Source material —
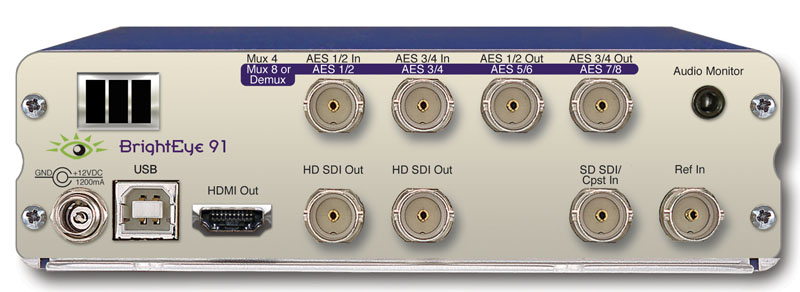 BrightEye 91 HD Upconverter with AES Audio from Ensemble Designs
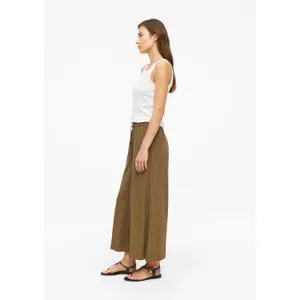 High-Waisted Relaxed Fit Extra Wide Leg Jersey Trousers Women s.Oliver image-6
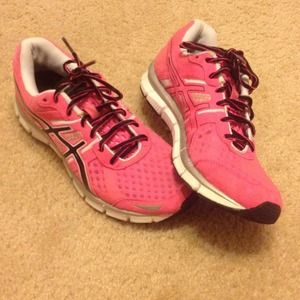 Pink Asics Work out shoes!!!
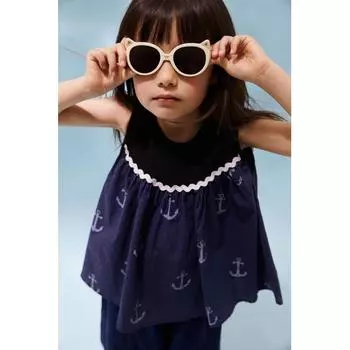 Топ HM Empire line черный темно-синий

Exercise description —
All that is needed is the span from the line with "High-Waisted Relaxed Fit" through the last line of the material above, reproduced exactly and free of pictures.

Result below —
 High-Waisted Relaxed Fit Extra Wide Leg Jersey Trousers Women s.Oliver image-6
 Pink Asics Work out shoes!!!
 Топ HM Empire line черный темно-синий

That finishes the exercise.